塚本幼稚園・森友学園、政治家の過去の講演 (3)

 「教育再生・地方議員百人と市民の会」(百人の会)ウェブサイトによると、2008年7月12日に塚本幼稚園で第10回定期総会がおこなわれている。

百人の会総会

百人の会ウェブより

 「百人の会」がウェブサイト上に残している資料によると、この日の定期総会では、「会」顧問でもある鴻池祥肇参議院議員の基調講演ののち、辻淳子大阪市議(現・大阪維新の会)の進行で、神谷宗幣吹田市議(当時)・山下亜緯子柏原市議と「若いお母さん数名」が鴻池氏に質問するパネルディスカッションをおこなったという。
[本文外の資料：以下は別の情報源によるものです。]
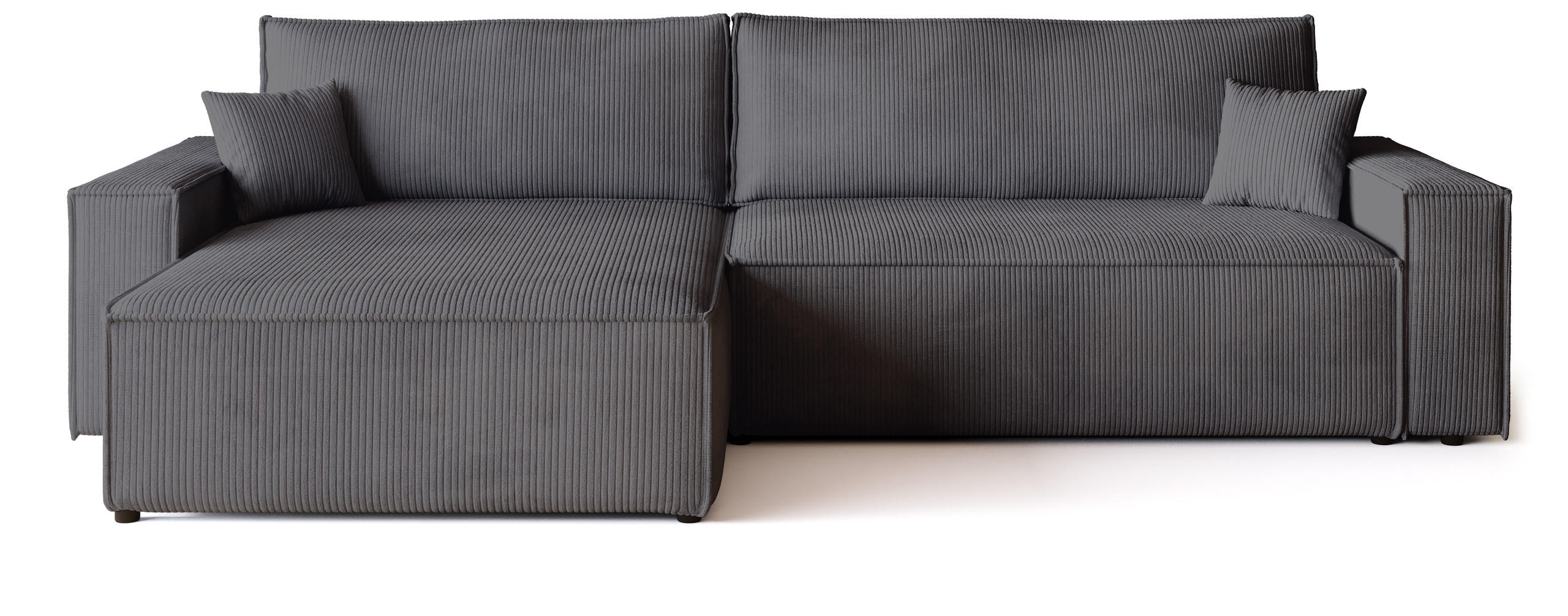 ECKSOFA ADI XL mit Schlaffunktion Grau Cord - Grau, Textil (272/143cm) - Bromarkt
 「百人の会」定期総会では、塚本幼稚園は単に会場を貸し出しただけという関係にとどまらなかった様子。籠池泰典園長・森友学園理事長のあいさつもあり、また「若いお母さん」は塚本幼稚園の保護者だった様子である。資料には「今回は籠池氏のご協力で塚本幼稚園で。園児のお母さんにと〈ママ〉ごいっしょに」とも記されている。

 「百人の会」は、極右思想に基づいた「教育再生」を掲げる団体で、大阪維新の会所属の辻淳子大阪市議が理事長をつとめる。また、朝鮮学校襲撃事件などにも関与した極右レイシストが事務局として関わっている。

 大阪維新の会は2012年5月、「親学」をベースにした「家庭教育条例」案を検討し、辻市議が検討チームの中心になっていると指摘され、世論の強い批判を浴びて条例検討を事実上撤回した経緯がある。「親学」は極右的な「教育論」の形態の一つで、「発達障害は幼児期の愛着不足」などと根拠のないことを唱えるなどし、問題になっている。